▶ **WHAT YOU NEED TO DO**:
I would like the records restated word for word, without the pictures.

---

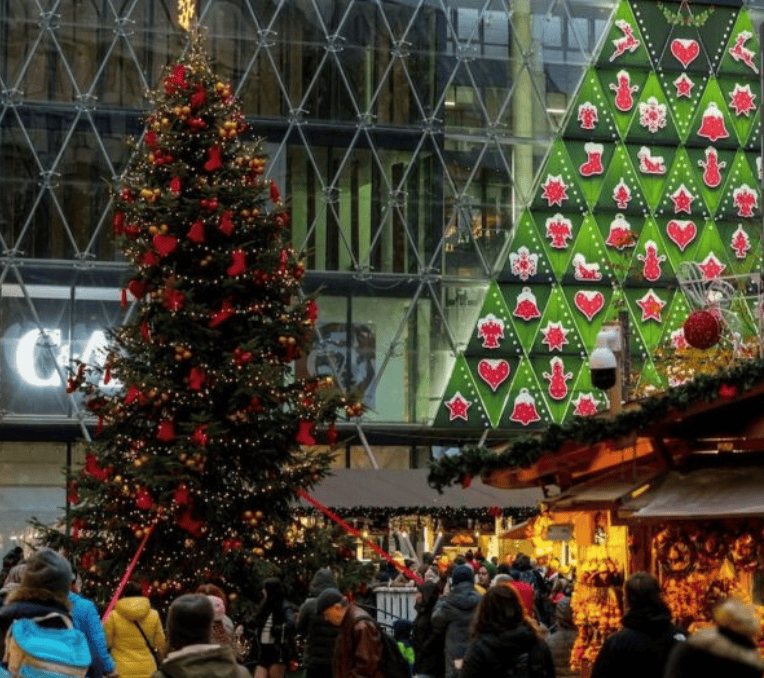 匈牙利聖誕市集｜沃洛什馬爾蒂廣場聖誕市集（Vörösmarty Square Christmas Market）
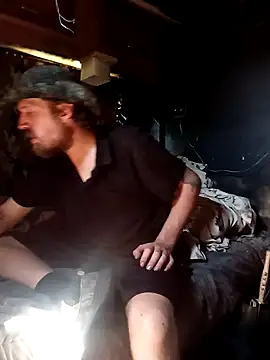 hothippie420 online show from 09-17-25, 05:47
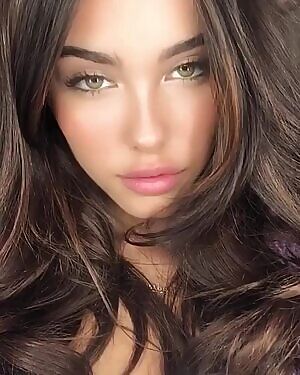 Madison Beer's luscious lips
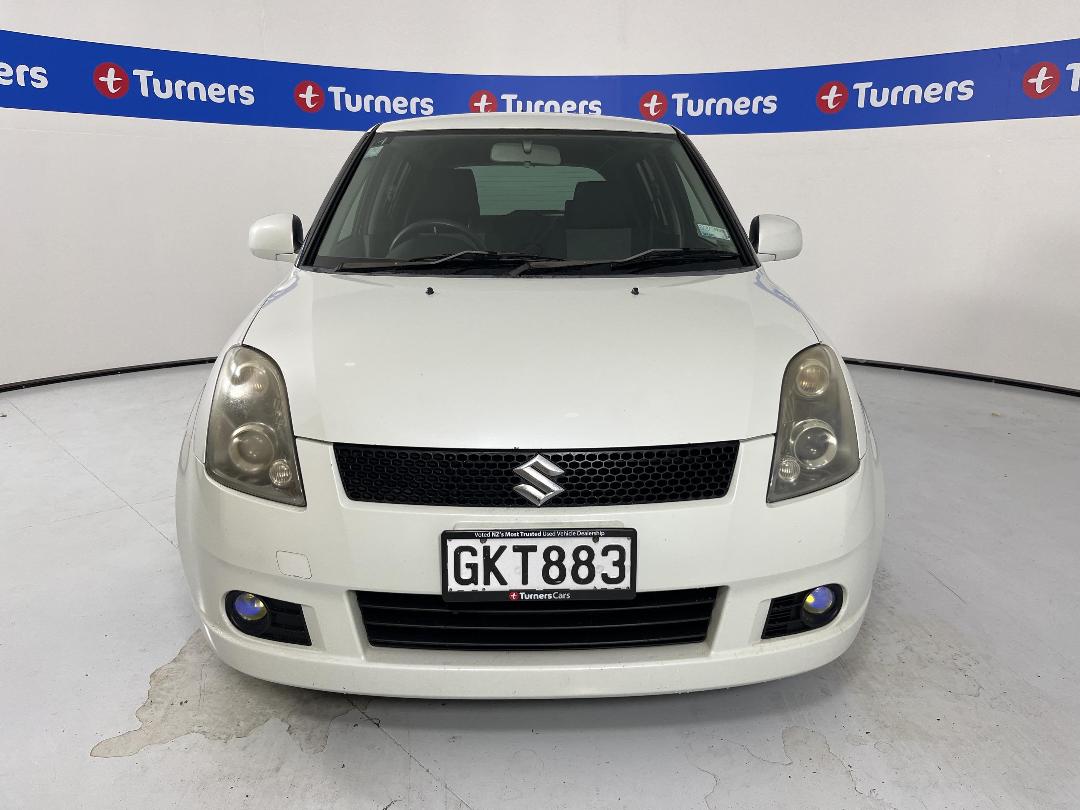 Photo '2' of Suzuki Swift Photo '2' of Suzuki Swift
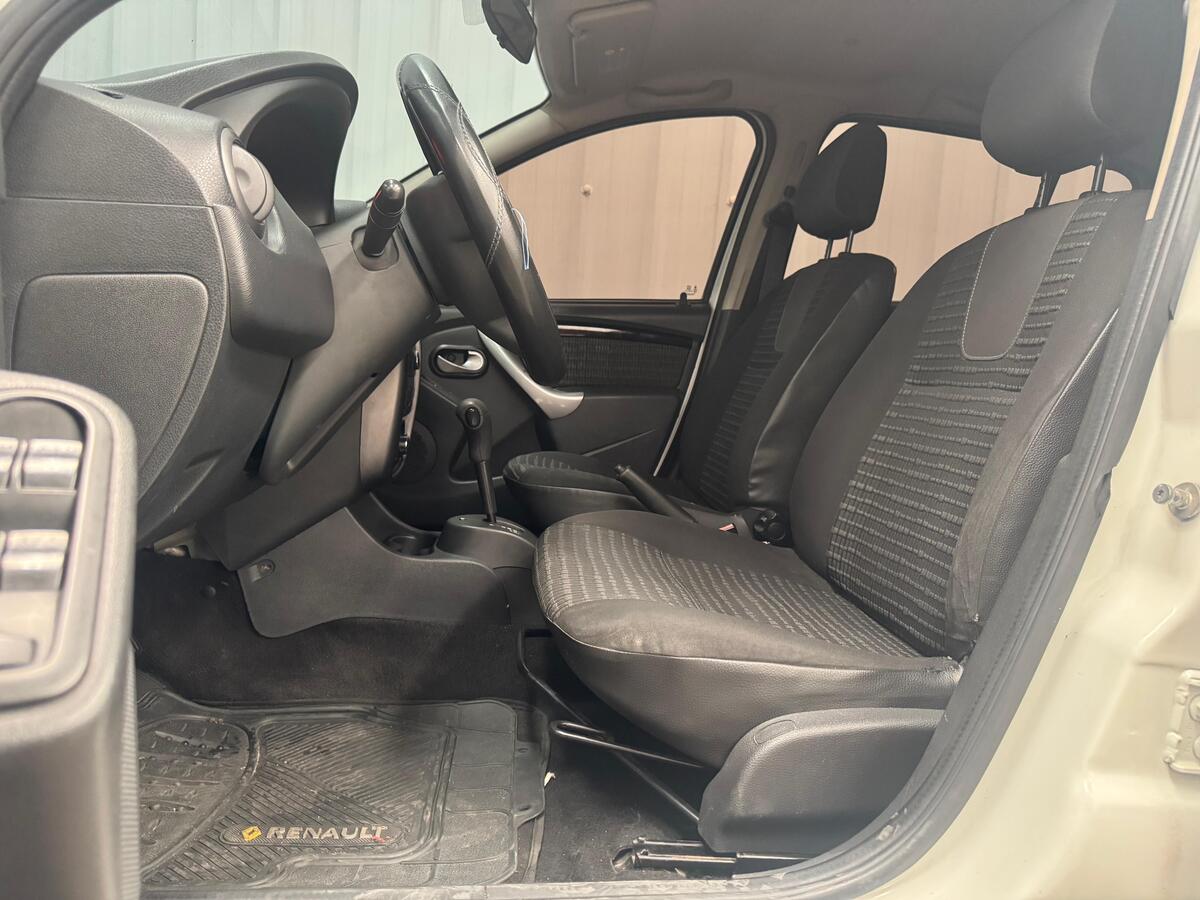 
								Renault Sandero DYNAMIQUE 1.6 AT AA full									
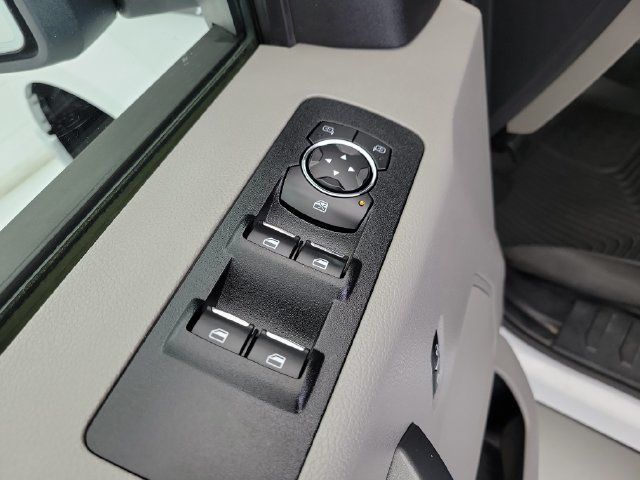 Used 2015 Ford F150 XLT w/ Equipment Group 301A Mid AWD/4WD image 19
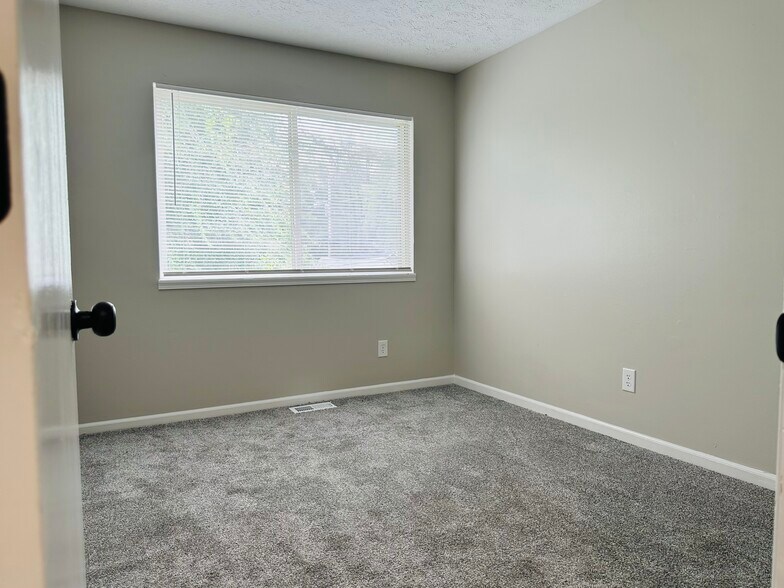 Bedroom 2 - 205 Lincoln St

---

▶ **FINISHED TASK**:
 匈牙利聖誕市集｜沃洛什馬爾蒂廣場聖誕市集（Vörösmarty Square Christmas Market）
 hothippie420 online show from 09-17-25, 05:47
 Madison Beer's luscious lips
 Photo '2' of Suzuki Swift Photo '2' of Suzuki Swift
								Renault Sandero DYNAMIQUE 1.6 AT AA full									
 Used 2015 Ford F150 XLT w/ Equipment Group 301A Mid AWD/4WD image 19
 Bedroom 2 - 205 Lincoln St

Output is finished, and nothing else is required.